It was enticing. The 10-year, dollar-denominated bonds
offered an interest rate of 4.4%t, about 100 basis points higher than
other A-minus-rated bonds were yielding at the time, he recalls. But
Song, a veteran of 25 years in finance, sensed something was amiss. With
such an attractive yield, 1MDB could easily sell the notes directly to
institutional investors through a global offering. Instead, Goldman
Sachs was privately selling 1MDB notes worth US$3 billion (RM11.3
billion) backed by the Malaysian government. “Does it mean ‘explicit
guarantee’?” he recalls asking the Goldman salesman, whom he declined to
name. “I didn’t get a straight answer,” Song says. “I decided not to
buy them.”
The bond sale that Song passed up is part of a scandal
that has all but sunk 1MDB, rattled investors, and set back Malaysia’s
quest to become a developed nation. Najib,
who also serves as Malaysia’s finance minister, sits on 1MDB’s advisory
board as chairman. The scandal’s aftershocks have rocked his office,
his government, and the political party he leads, United Malays National
Organisation, or UMNO. A state investment company trumpeted as a
cornerstone of Najib’s economic policy after he became prime minister in
April 2009, 1MDB is now mired in debts of at least US$11 billion.
Former Prime Minister Mahathir Mohamad, a one-time political mentor
who’s turned on Najib, says “vast amounts
of money” have “disappeared” from 1MDB funds. 1MDB has denied the claim
and said all of its debts are accounted for. The prime minister’s
office declined to comment for this article.
From the moment in 2009 when Najib
took over a sovereign wealth fund set up by the Malaysian state of
oil-rich Terengganu and turned it into a development fund owned by the
federal government, 1MDB has been controversial. Since the beginning of
this year—with coverage driven by the Sarawak Report, a blog, and The
Edge, a local business weekly—the scandal has moved closer and closer to
the heart of government, sparking calls for Najib’s ouster and
recalling Malaysia’s long struggle with corruption and economic
disappointment.
Mahathir, who was prime minister from 1981 to 2003, now accuses Najib
of “hijacking” the Terengganu Investment Authority, or the TIA, from
the state government. Not so, 1MDB said in a statement: The state
government willingly “decided to withdraw from the TIA” after the
federal government guaranteed the TIA’s bonds.

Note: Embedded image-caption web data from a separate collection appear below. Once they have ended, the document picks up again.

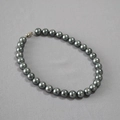 Close-up of high-luster dark grey pearl necklace with metallic silver lobster clasp detail - 12mm / Gray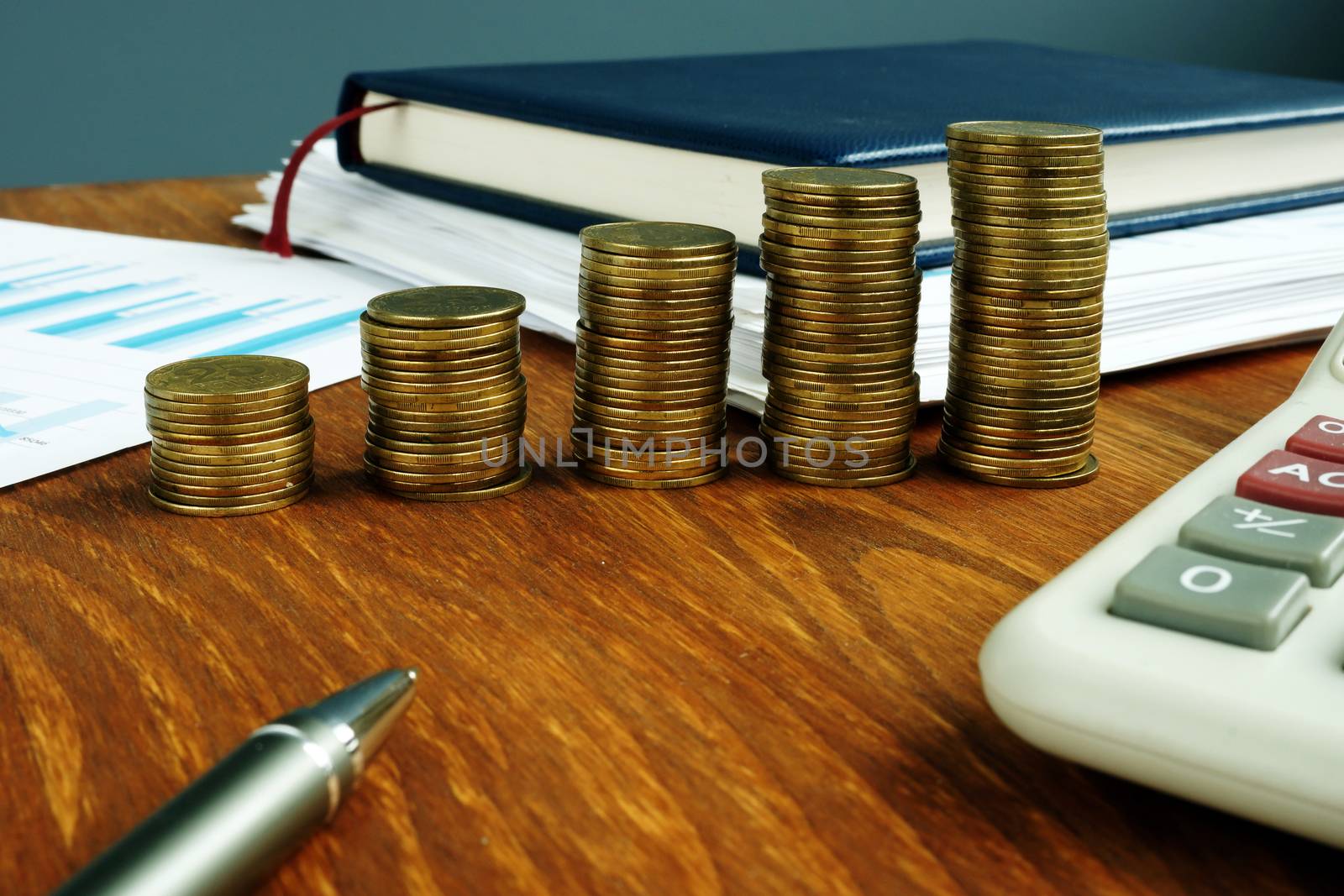 Increasing stacks of coins. Financial and business savings growth concept.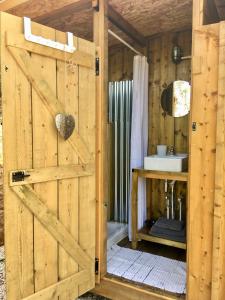 bagno con porta in legno e lavandino di Tente Glamping nature et océan, Rogil a Rogil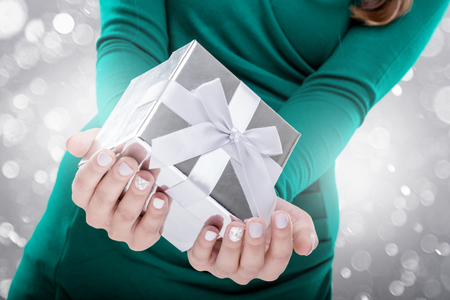 Woman holding a gift box. Close-up shotの写真素材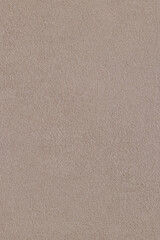 Obraz premium Beige plaster wall. Building wall background texture. Light sand color wall. Texture. Cream plaster with sand texture. Beige textured background. Grainy background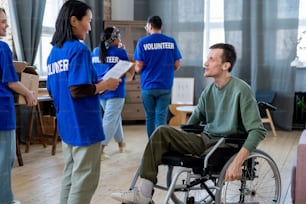 Une jeune bénévole en uniforme debout devant un homme en fauteuil roulant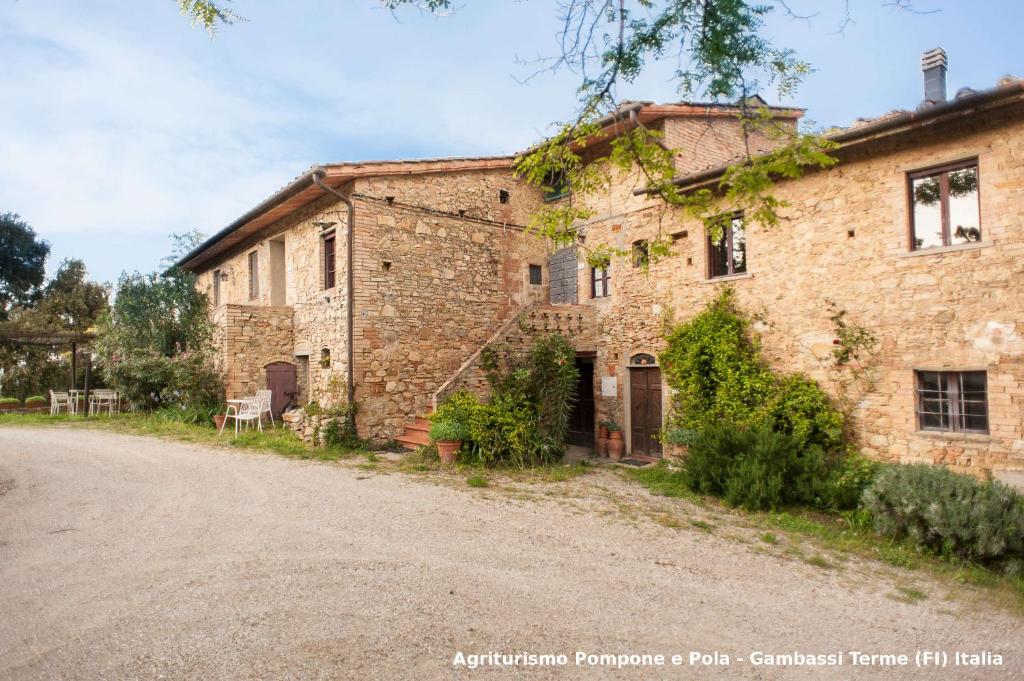 an old brick building on a dirt road at Agriturismo Pompone e Pola in Gambassi Terme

That didn’t end the argument. Beginning in March, as
public pressure grew, the country’s auditor general, the parliament’s
public accounts committee, the central bank, and the police have all
homed in on 1MDB. The force of the scandal helped topple the ringgit,
the worst-performing currency in Asia as of July 16, down 8.1% against
the dollar since the start of the year. Foreign reserves plunged 20% in
June from a year earlier.
On
July 3, the Wall Street Journal, citing documents from government
probes, reported that investigators believe almost US$700 million (RM2.6
billion) in cash moved through state agencies, banks, and companies
linked to 1MDB before eventually finding its way into Najib’s personal
accounts.
The money reportedly included two transactions—one
worth US$620 million; another, US$61 million—made in March 2013, two
months before a general election returned Najib to power as part of the Barisan Nasional, or National Front, coalition.
In a country with no public campaign financing and few
strictures on political donations, the alleged cash flows caused alarm.

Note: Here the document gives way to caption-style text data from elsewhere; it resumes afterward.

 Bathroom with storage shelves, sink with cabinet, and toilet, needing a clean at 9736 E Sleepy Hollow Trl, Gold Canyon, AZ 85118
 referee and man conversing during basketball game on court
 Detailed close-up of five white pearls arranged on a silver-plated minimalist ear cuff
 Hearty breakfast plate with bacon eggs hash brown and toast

Before the 2013 election, on March 12, 1MDB chairman Lodin Wok
Kamaruddin and Khadem Al Qubaisi, then chairman of Abu Dhabi’s Aabar
Investments, signed an agreement to form a joint venture. The following
month, 1MDB announced it had raised US$3 billion for its share of the
partnership. “1MDB opted for a private placement to ensure the timely
completion of this economic initiative,” the company said in a statement
on April 15 of that year.
The timing was controversial. “1MDB may have been
created with one of the key objectives being to raise a slush fund to
finance Barisan Nasional’s election campaigns,” says MP Tony Pua, of the
opposition Democratic Action Party. A statement from the prime
minister’s office dismissed the allegations in the Wall Street Journal,
saying they amounted to “political sabotage” at the hands of “certain
individuals to undermine confidence in our economy, tarnish the
government, and remove a democratically elected prime minister.” In a
statement, 1MDB said it “has never provided any funds to the prime
minister.”
Malaysia’s biggest-ever financial scandal has
spotlighted a colorful cast of characters—some connected to 1MDB, some
not. A politician since the age of 23, the mustachioed Najib
is the eldest son of the country’s second prime minister following its
independence from Britain in 1957, Abdul Razak Hussein, and a nephew of
the third, Hussein Onn.
Najib’s wife, Rosmah Mansor, is an influential figure
in her own right. A former executive at Island & Peninsular, a real
estate company, she’s often lampooned in the local media for her
bouffant hairstyle and penchant for luxury.
Riza Aziz, Rosmah’s son from her first marriage, is
close to a Kuala Lumpur man about town who’s been linked to 1MDB named
Low Taek Jho. Jho Low, as he’s known, is a whiz-kid dealmaker who
exploded onto the gossip pages in 2009. One photo shows the moon-faced
Low partying with California socialite Paris Hilton and clutching a
bottle of Cristal champagne. The prime minister’s stepson co-founded a
Los Angeles company that produced The Wolf of Wall Street, the 2013 film
about lifestyle excesses and criminal exploits in the world of finance;
Low got a full-screen “special thanks” credit at the end of Wolf. Low
helped set up 1MDB’s first joint venture, with PetroSaudi International,
according to reports in The Edge and the Sarawak Report.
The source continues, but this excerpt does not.